Y lo alucinante, lo que convierte esta situación ya en algo que roza lo paranormal, es que nosotros ni tan siquiera lo pedimos. Porque en el fondo ya tenemos asumido que aquí las cosas son así. Porque es de esperar que esto suceda. Porque nos tomamos lo de los fuegos como un misterio más, ríase usted de los pastorcitos de Fátima. Porque Galicia es un Sitio Distinto. ¡Porque esto es Esparta! Porque, en el fondo, aquí somos así. Positivamente.
Pero a mí me sigue resultando increíble que a estas alturas tengamos que seguir asistiendo a la contemplación de una tragedia como esta. No me entra en la cabeza. ¿Cómo puede ser que de un día para otro se esfume en el aire una parte inmensa de nuestro patrimonio, y nadie comparezca? Y oiga, que ya no a digo tomar medidas, qué va, sino tan solo a dar por lo menos alguna explicación… Tal como mi perplejidad y yo lo vemos, si no lo hace el presidente de la Xunta, a este paso tendrán que acabar haciéndolo los agentes Mulder y Scully, porque lo que cada año ocurre en Galicia da para una temporada completa de Expediente X… ¿Cómo puede ser que no exista un inmenso, intenso, y omnipresente debate público a todos los niveles sobre esta cuestión? ¡Señora, que es su casa lo que se está quemando!
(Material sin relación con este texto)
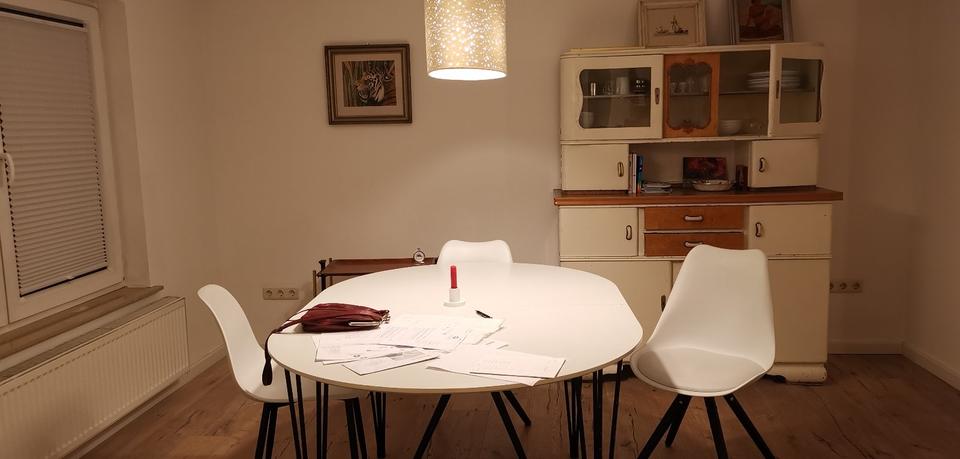 Reihenhaus Usedom - 4 Zimmer, 125 m&sup2;, 300.000&euro; | Angebot:25840122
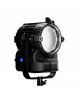 Dayled PRO Full Color 1000 - 110W LED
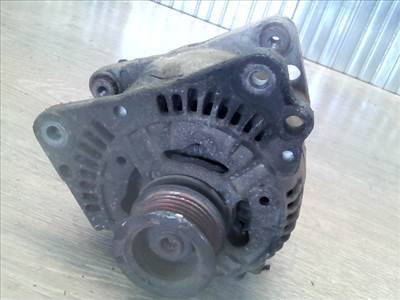 VOLKSWAGEN polo iii. 94-99 generátor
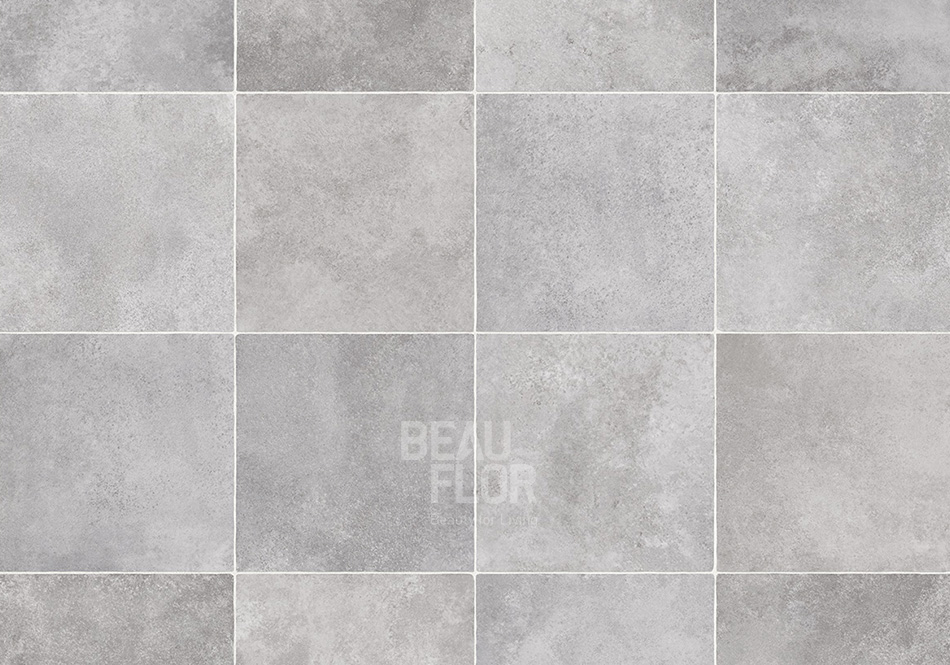 Beauflor, BlackTex HD, Denim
Cuando yo tocaba en Lamatumbá, en el año 2006 el grupo comenzó a tener su ritmo de trabajo más alto en Galicia, de manera que nos pasamos aquel verano recorriendo el país entero sin parar. Viajamos muchísimo. Por arriba, por abajo, por la costa y tierra adentro. Aquel año lo vimos todo… Nuestra furgoneta atravesó desiertos negros recién calcinados; hubo noches en que desde el escenario veíamos desolados las luces gigantes del monte ardiendo frente a nosotros; y hubo incluso no pocas fechas que tuvieron que ser canceladas en el mismo día, porque el fuego era tan intenso y cercano que incluso ponía en peligro la seguridad de la plaza del pueblo… Cuento esto porque hoy han pasado diez años ya desde aquel verano atroz y, extrañamente, la situación sigue siendo igual, o incluso peor. No doy crédito… A lo largo de este tiempo he escuchado todo tipo de explicaciones, y las he escuchado en foros de todo tipo, como barras de bar, paradas de autobús, salas de espera… En todos, menos en los que deberían haberse dado. Y he escuchado con asombro el más completo catálogo de teorías: que si son los de la celulosa, que si son los constructores, que si son los eucaliptos, que si son los brigadistas… O, incluso, algo mucho más terrible y triste: qué son los propios vecinos. “Porque é así, o monte ten que arder, rapaz!”. No lo sé, yo no quiero entrar en estas discusiones de barra de bar. No quiero hacerlo, no, porque antes de que lo haga yo, sin el criterio ni los argumentos necesarios, considero que deberían hacerlo las autoridades pertinentes, que también están para eso. Es su deber.
Así pues, señor Feijoo, comparezca usted de una puta vez. O, de no hacerlo, ponga de consejero a Spiderman, porque por lo menos él sí tiene claro aquello de que “un gran poder conlleva una gran responsabilidad”. Pero haga algo, hostia, haga algo, y hágalo ya. Porque si no, al final, será como en la coplilla aquella, que “entre todos la mataron, y ella sola se murió”.